Why is it sufficient to set the polar angle between 0 and 180 degrees in a spherical coordinate system?

Question

In the spherical coordinate system

$x=r \sin \theta \cos \phi$

$y=r \sin \theta \sin \phi$

$z=r \cos \theta$

$\theta$ lies in $[0,\pi]$, while $\phi$ is in $[-\pi,\pi)$. Why do we not need for the sign of $\theta$?

Answer 1

We have

$$x=r \sin (-\theta) \cos \phi=r (-\sin \theta) \cos \phi=r \sin \theta (-\cos \phi)=r \sin \theta \cos(\phi+\pi)$$ $$y=r \sin (-\theta) \sin \phi=r (-\sin \theta) \sin \phi=r \sin \theta (-\sin \phi)=r \sin \theta \sin (\phi+\pi)$$ $$z=r \cos (-\theta)=r \cos \theta$$

So $(r,-\theta,\phi)$ represents the same point as $(r,\theta,(\phi+\pi )\pmod {2\pi})$

Answer 2

Imagine standing in the middle of your kitchen. You can turn around through a vertical axis(your phi) and with your arm by your side can raise or lower your hand(your theta).
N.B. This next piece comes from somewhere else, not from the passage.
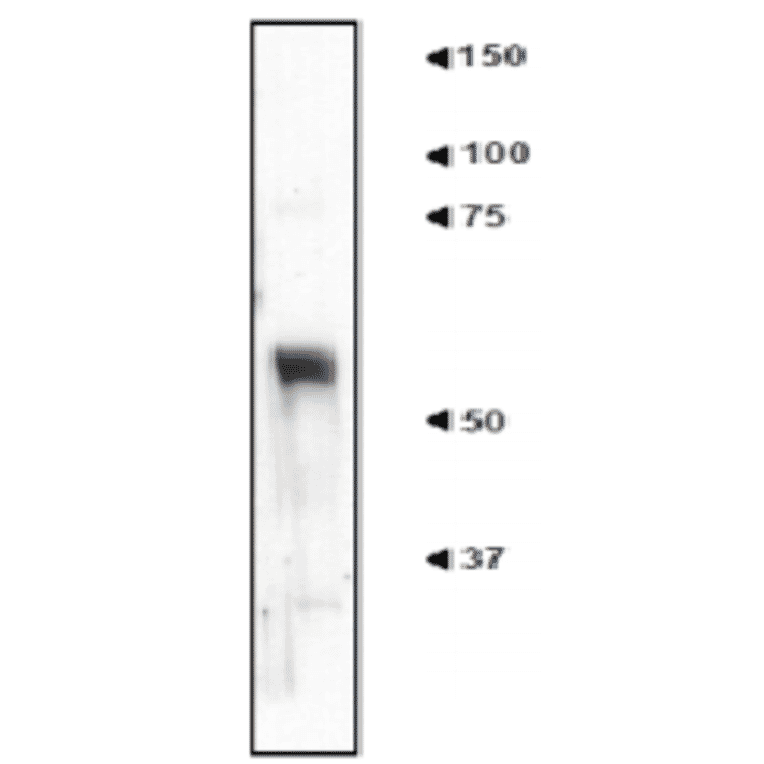 Western blot of tissue extract of mouse cerebral cortex with anti-nucleobinding 2 antibody (NET1).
Then you can point to any object in your room without breaking your elbow (thats theta more than 180)

Also take care here, many sources flip theta and phi. I think in your definition theta is the angle to the z-axis (not really the polar angle). For most it is phi. Your definition is common but confusing. Much better is $z=r\cos(\phi)$ with $\phi$ ranging from 0 to 180. This is the source of the confusion.